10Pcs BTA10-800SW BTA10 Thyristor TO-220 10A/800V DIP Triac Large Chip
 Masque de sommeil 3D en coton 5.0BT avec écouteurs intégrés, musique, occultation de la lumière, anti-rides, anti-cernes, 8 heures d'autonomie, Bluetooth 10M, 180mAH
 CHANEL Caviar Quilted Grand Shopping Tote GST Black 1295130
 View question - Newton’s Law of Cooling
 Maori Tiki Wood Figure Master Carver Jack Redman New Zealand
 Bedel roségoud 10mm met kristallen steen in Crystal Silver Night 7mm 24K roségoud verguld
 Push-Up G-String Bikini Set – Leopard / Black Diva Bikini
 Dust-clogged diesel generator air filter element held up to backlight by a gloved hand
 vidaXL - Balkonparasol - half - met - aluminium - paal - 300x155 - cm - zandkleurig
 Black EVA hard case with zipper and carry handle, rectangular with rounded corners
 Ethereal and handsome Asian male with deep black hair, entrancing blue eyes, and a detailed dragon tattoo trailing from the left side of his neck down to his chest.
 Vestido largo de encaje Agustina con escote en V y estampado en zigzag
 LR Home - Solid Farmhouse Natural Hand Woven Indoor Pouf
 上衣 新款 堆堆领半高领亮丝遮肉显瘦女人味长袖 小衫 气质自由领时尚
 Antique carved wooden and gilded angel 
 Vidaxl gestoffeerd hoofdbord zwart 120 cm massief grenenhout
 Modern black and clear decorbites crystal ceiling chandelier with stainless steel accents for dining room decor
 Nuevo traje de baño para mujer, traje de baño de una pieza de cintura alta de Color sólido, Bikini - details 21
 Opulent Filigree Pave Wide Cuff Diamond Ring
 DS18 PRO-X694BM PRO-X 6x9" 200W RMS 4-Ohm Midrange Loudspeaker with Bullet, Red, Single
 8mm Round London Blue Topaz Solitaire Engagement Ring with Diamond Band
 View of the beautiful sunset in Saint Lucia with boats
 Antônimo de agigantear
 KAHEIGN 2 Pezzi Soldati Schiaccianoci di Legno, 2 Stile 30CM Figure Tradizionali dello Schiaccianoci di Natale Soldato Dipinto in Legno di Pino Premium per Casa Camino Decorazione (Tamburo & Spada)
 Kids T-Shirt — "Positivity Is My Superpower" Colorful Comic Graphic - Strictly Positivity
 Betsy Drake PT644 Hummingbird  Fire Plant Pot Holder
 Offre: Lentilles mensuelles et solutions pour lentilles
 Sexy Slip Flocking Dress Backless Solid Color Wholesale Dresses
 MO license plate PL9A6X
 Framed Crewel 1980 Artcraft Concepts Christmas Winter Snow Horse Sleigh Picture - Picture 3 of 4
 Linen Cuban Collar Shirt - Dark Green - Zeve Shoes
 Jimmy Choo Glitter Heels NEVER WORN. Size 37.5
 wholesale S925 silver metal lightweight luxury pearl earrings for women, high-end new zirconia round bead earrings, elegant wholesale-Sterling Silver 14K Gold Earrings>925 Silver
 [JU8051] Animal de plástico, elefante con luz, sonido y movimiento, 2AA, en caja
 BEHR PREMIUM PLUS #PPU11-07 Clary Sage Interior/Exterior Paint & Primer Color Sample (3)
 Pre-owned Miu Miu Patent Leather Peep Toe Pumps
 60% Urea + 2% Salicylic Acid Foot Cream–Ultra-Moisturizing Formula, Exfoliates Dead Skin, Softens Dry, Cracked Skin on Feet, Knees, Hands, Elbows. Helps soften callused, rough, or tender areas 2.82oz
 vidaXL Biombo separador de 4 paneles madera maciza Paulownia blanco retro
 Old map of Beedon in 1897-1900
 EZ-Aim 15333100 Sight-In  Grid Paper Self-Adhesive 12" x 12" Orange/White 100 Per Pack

What the task asks:
Print every record exactly as it was given.

Written response:
10Pcs BTA10-800SW BTA10 Thyristor TO-220 10A/800V DIP Triac Large Chip
 Masque de sommeil 3D en coton 5.0BT avec écouteurs intégrés, musique, occultation de la lumière, anti-rides, anti-cernes, 8 heures d'autonomie, Bluetooth 10M, 180mAH
 CHANEL Caviar Quilted Grand Shopping Tote GST Black 1295130
 View question - Newton’s Law of Cooling
 Maori Tiki Wood Figure Master Carver Jack Redman New Zealand
 Bedel roségoud 10mm met kristallen steen in Crystal Silver Night 7mm 24K roségoud verguld
 Push-Up G-String Bikini Set – Leopard / Black Diva Bikini
 Dust-clogged diesel generator air filter element held up to backlight by a gloved hand
 vidaXL - Balkonparasol - half - met - aluminium - paal - 300x155 - cm - zandkleurig
 Black EVA hard case with zipper and carry handle, rectangular with rounded corners
 Ethereal and handsome Asian male with deep black hair, entrancing blue eyes, and a detailed dragon tattoo trailing from the left side of his neck down to his chest.
 Vestido largo de encaje Agustina con escote en V y estampado en zigzag
 LR Home - Solid Farmhouse Natural Hand Woven Indoor Pouf
 上衣 新款 堆堆领半高领亮丝遮肉显瘦女人味长袖 小衫 气质自由领时尚
 Antique carved wooden and gilded angel 
 Vidaxl gestoffeerd hoofdbord zwart 120 cm massief grenenhout
 Modern black and clear decorbites crystal ceiling chandelier with stainless steel accents for dining room decor
 Nuevo traje de baño para mujer, traje de baño de una pieza de cintura alta de Color sólido, Bikini - details 21
 Opulent Filigree Pave Wide Cuff Diamond Ring
 DS18 PRO-X694BM PRO-X 6x9" 200W RMS 4-Ohm Midrange Loudspeaker with Bullet, Red, Single
 8mm Round London Blue Topaz Solitaire Engagement Ring with Diamond Band
 View of the beautiful sunset in Saint Lucia with boats
 Antônimo de agigantear
 KAHEIGN 2 Pezzi Soldati Schiaccianoci di Legno, 2 Stile 30CM Figure Tradizionali dello Schiaccianoci di Natale Soldato Dipinto in Legno di Pino Premium per Casa Camino Decorazione (Tamburo & Spada)
 Kids T-Shirt — "Positivity Is My Superpower" Colorful Comic Graphic - Strictly Positivity
 Betsy Drake PT644 Hummingbird  Fire Plant Pot Holder
 Offre: Lentilles mensuelles et solutions pour lentilles
 Sexy Slip Flocking Dress Backless Solid Color Wholesale Dresses
 MO license plate PL9A6X
 Framed Crewel 1980 Artcraft Concepts Christmas Winter Snow Horse Sleigh Picture - Picture 3 of 4
 Linen Cuban Collar Shirt - Dark Green - Zeve Shoes
 Jimmy Choo Glitter Heels NEVER WORN. Size 37.5
 wholesale S925 silver metal lightweight luxury pearl earrings for women, high-end new zirconia round bead earrings, elegant wholesale-Sterling Silver 14K Gold Earrings>925 Silver
 [JU8051] Animal de plástico, elefante con luz, sonido y movimiento, 2AA, en caja
 BEHR PREMIUM PLUS #PPU11-07 Clary Sage Interior/Exterior Paint & Primer Color Sample (3)
 Pre-owned Miu Miu Patent Leather Peep Toe Pumps
 60% Urea + 2% Salicylic Acid Foot Cream–Ultra-Moisturizing Formula, Exfoliates Dead Skin, Softens Dry, Cracked Skin on Feet, Knees, Hands, Elbows. Helps soften callused, rough, or tender areas 2.82oz
 vidaXL Biombo separador de 4 paneles madera maciza Paulownia blanco retro
 Old map of Beedon in 1897-1900
 EZ-Aim 15333100 Sight-In  Grid Paper Self-Adhesive 12" x 12" Orange/White 100 Per Pack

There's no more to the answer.